PROBLEM DETAILS
From the entries below, transcribe exactly the lines between the line holding "2024 Chevrolet Silverado" and the line holding "소문난 효재분식 손칼국수 꼭 드셔야죠~", inclusive; skip all other lines.

MATERIAL SUPPLIED
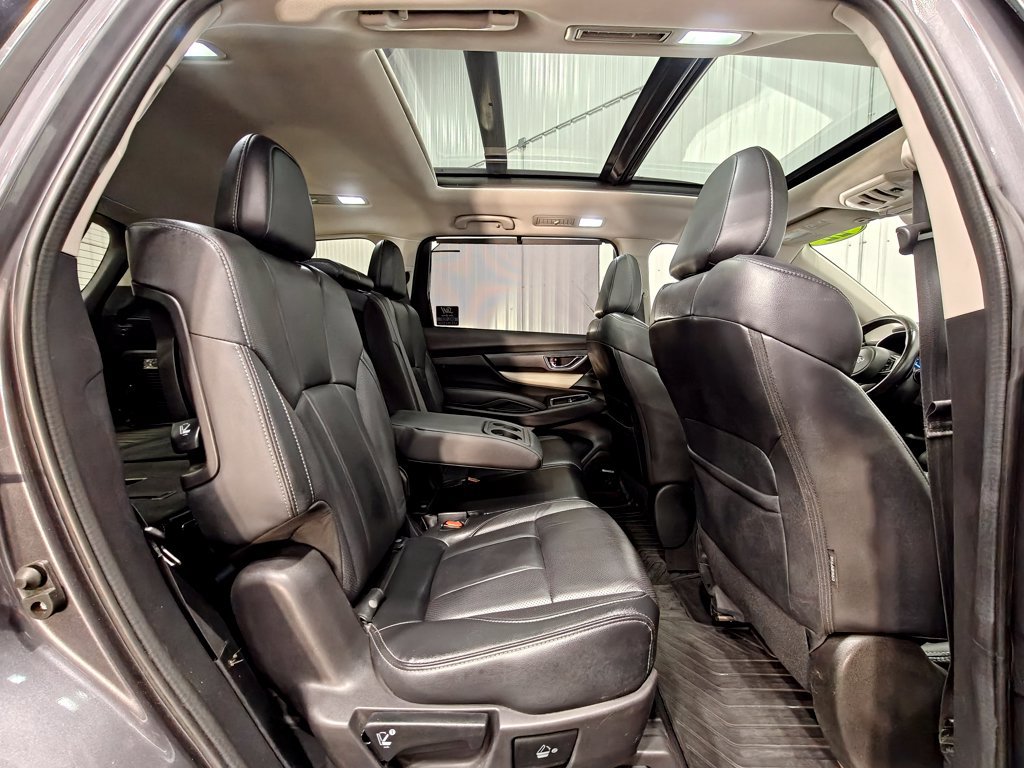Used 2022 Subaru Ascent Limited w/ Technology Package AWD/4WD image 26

--

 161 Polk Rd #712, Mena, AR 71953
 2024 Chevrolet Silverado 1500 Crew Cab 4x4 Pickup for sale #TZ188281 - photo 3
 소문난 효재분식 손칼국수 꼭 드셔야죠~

FINISHED TASK
 2024 Chevrolet Silverado 1500 Crew Cab 4x4 Pickup for sale #TZ188281 - photo 3
 소문난 효재분식 손칼국수 꼭 드셔야죠~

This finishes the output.